# Leveling Zoysia



## datcope (Oct 29, 2018)

So I have detailed my plans for the Bermuda in the front yard of scalping it to 0.5", leveling with sand and establishing the new HOC at 1.5", down from 3.5". My question is, how much of what I plan to do to the Bermuda in the front yard is applicable to the Palisades Zoysia which I have also been mowing at a HOC of 3.5" in the back yard?


----------



## Still learnin (Sep 9, 2017)

Can do the same with Zoysia, it'll just recover from the leveling a little slower. May need to dethatch the Zoysia as it can get a thick layer of thatch, depending on the last time it was done.


----------



## datcope (Oct 29, 2018)

@Still learnin thanks!


----------



## J_nick (Jan 28, 2017)

@Spammage and @jayhawk are my go to when I have a question involving zoysia


----------



## Greendoc (Mar 24, 2018)

I can tell you that mowing Zoysia lower with a rotary mower is just hard on the Zoysia. The blade starts to grab the stems and roots rather than cut the grass cleanly. With Zoysia, either you go reel low or you keep it high. Trying to go below 2" with a rotary is not nice for the grass.


----------



## Spammage (Apr 30, 2017)

Greendoc said:


> I can tell you that mowing Zoysia lower with a rotary mower is just hard on the Zoysia. The blade starts to grab the stems and roots rather than cut the grass cleanly. With Zoysia, either you go reel low or you keep it high. Trying to go below 2" with a rotary is not nice for the grass.

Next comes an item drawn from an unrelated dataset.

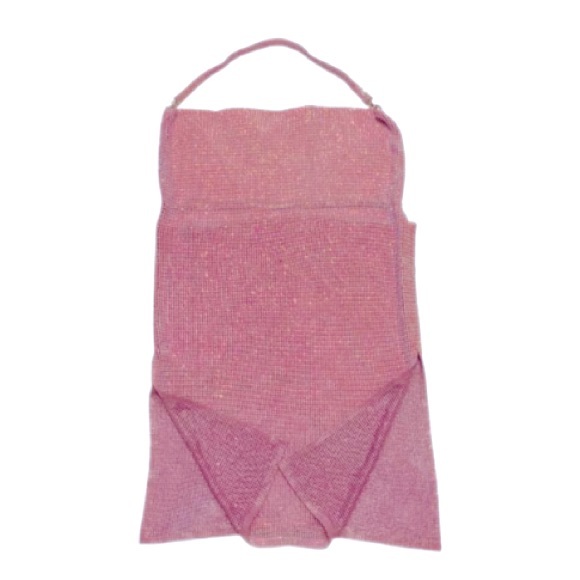 Custom Made Halter Dress With Pink Shimmering Rhinestones - Size 2 - Picture 6 of 12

I agree. When I first put in the El Toro, I was mowing once a week with a John Deere rider and cutting at 2". By the end of the summer, the grass tips would fray even with razor sharp blades because of how thick the grass gets. If you want a low maintenance, drought tolerant lawn at 2-2.5", a japonica can be great. You have to make sure the blades are kept very sharp and that you don't over fertilize it though. Zoysia patch is more prevalent in higher cut zoysia though in my experience.


----------



## Greendoc (Mar 24, 2018)

I can confirm the increased Zoysia Patch in high cut lawns. Never saw it in El Toro when every month of the year we had sun and warm weather. Irregardless of if that lawn was reel low or not. Now, high mowed Zoysia can turn into a dead mess by December. Difference is, that it now rains a lot here. Gets cool starting in November. Cool and wet is Zoysia Patch weather.


----------



## Spammage (Apr 30, 2017)

Yep, here that starts last week of September/1st week of October.


----------



## datcope (Oct 29, 2018)

@Greendoc @Spammage Thanks for the insight! So, if I keep the height at 2.5", my mower blades sharp and I don't over fertilize, I should be......



Regarding fertilizer, do either of you have a recommendation on what type of fertilizer to use?


----------



## Greendoc (Mar 24, 2018)

As little as possible, if you cannot mow low, Zoysia is best kept underfed.


----------



## datcope (Oct 29, 2018)

@Greendoc thanks! BTW, I did a Google search on 'underfed'....learned a new word today. lol


----------



## Greendoc (Mar 24, 2018)

High mowed Zoysia is not to be kept as a high input grass. Ration water as well. I have seen Zoysia with water rationed and fertilizer limited grow at very moderate rates. Zoysia that is heavily fertilized and watered a lot grows faster than Bermuda. I looked up Palisades because I am not familiar. It is similar to El Toro. You do not water or feed El Toro heavily unless there are provisions to mow it low very frequently and it is growth regulated. To do contrary to that can lead to a grass that tries to grow up to 6" per week.


----------